ラグビーワールドカップ2019観戦の旅

2019ラグビーワールドカップ日本大会を、おそらく世界最高レベルでたくさん観戦する予定の私が、自らの記録の意味も含めて運営しております。

フィジー−ジョージア1003

45🇫🇯vs🇬🇪10

@花園ラグビー場

 

「フライングフィジアンズ」

フィジー代表の愛称です。フィジアンマジックと呼ばれる、ラグビーの常識に捉われない奇想天外なパス回しと見事なハンドリングはフィジー代表の特徴であり、セットプレーや組織力より個人のスキルが要求される“セブンズ”では無類の強さを発揮します。魔法の基礎となるのは、小さい頃から裸足で楕円球に慣れ親しんだことによるハンドリングスキル。リオデジャネイロオリンピック7人制ラグビーでは初のゴールドメダリストになりました(しかも、これはフィジーが個人、団体を問わず初めて獲得した金メダルで、獲得した日はフィジーでは国民の休日になっています。)。しかし、そんな島国の人たちが、釜石でマホトーンをかけられたのが約1週間前。果たして今日は飛ぶことができるのでしょうか。
一方のジョージア。旧ソビエト連邦から独立を果たした小国ですが、ラグビーは強く、日本やパシフィックネイションズの各国と共に「ティア2」の一角を形成しています。派手な個人技はありませんが強固なスクラムを中心としたセットプレーと固いディフェンスでロースコアの展開に持ち込むことを得意とするスタイルで、6カ国対抗参加国(英4カ国、仏、伊)以外の欧州ラグビーを牽引する存在です。また日本代表とは重要な局面で度々テストマッチを行なっており、私の印象としては「一緒に強くなってきた仲間」。HOジャバ・ブレクバゼがサンウルブズで活躍したこともあり、近しい存在として応援しています。
この、対照的なスタイルを持つ両国が、高校ラグビーの聖地花園ラグビー場相見える、こんなにワクワクする試合はありません。どちらもティア1の強豪ではなく、大分からの連戦で、平日昼間の試合であるとしても、私は迷いなく観戦を決めました。
試合の話も少し。開始前から降り始めた雨は、時折強くなったり、と思ったら晴れ間が見えたり、不安定な様子です。スリッピーな環境は、セットプレーと堅実なスタイルのジョージアに有利、マジックを封じられる可能性のあるフィジーに不利、かと思いました。しかし今のフィジーは、かつてのようなハンドリングスキル、ランニングスキル頼りのチームではありません。前半、セットプレーや組織的ディフェンスに難があるという、長年言われ続けた弱点を見事に埋めるようなプレーを見せます。スクラムも、藤島大氏が「スクラメイジャー製造工場」と評したジョージアに負けず、時には押し返すシーンすら見られました。そして後半、晴れ間が見え始めたころから、フィジーが飛びはじめます。素晴らしいハンドリングスキル、ランニングスキルの連発。グラウンドを縦横無尽に走り回り、どこからでもパスが繋がる。まさにマジックを見ることができました。特に両ウイング、11番セミ・ランドランドラと14番ジョシュア・トゥイソバのランニングはセブンズを彷彿させるものでした。今大会のフィジーは、持ち味の自由奔放なラグビーに加えて、組織的な規律も整っており、とても魅力的なチームです。その分、ウルグアイに負けた第2戦がとても痛いのですが、きっと来週は大分で、ウェールズと好試合を繰り広げてくれると思います。

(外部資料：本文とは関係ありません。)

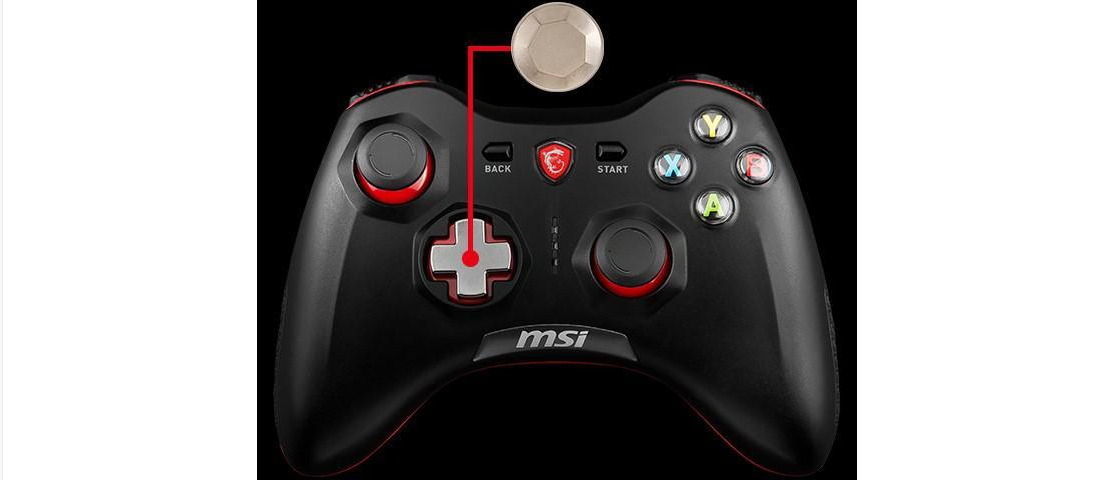 Tay cầm chơi game không dây MSI Force GC30 có thể thay đổi phần d-pad để phù hợp với từng loại game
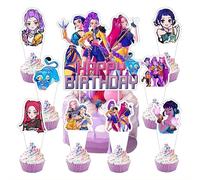 25pcs Demon Movie Hunters Cake Decorations with 24pcs Cupcake Toppers, 1pcs Cake Topper for Demon Movie Hunters Birthday Party Supplies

帰り際、ラグビー場から東花園駅に向かう途中の一本道で、地元のおっちゃん(きっともういい感じにアルコールを摂取している)がジョージアの旗を背負った一角を見つけ「ジョージア、グッドグッドゲーム、ネクスト、ウィン!(そのまま、カタカナで発音していました。)」と声をかけていました。力なく手を挙げたジョージア人に「ところで、ネクスト、どこのカントリー?(同じく、そのまま。)」と聞くと、ちょっと迷って「Australia.」と答えます。おっちゃん「オーーー、ノーーー。うん、でもきっとウィンやで!(同)」。ここも、ワールドカップが包含するファンゾーンのひとつだと思いました。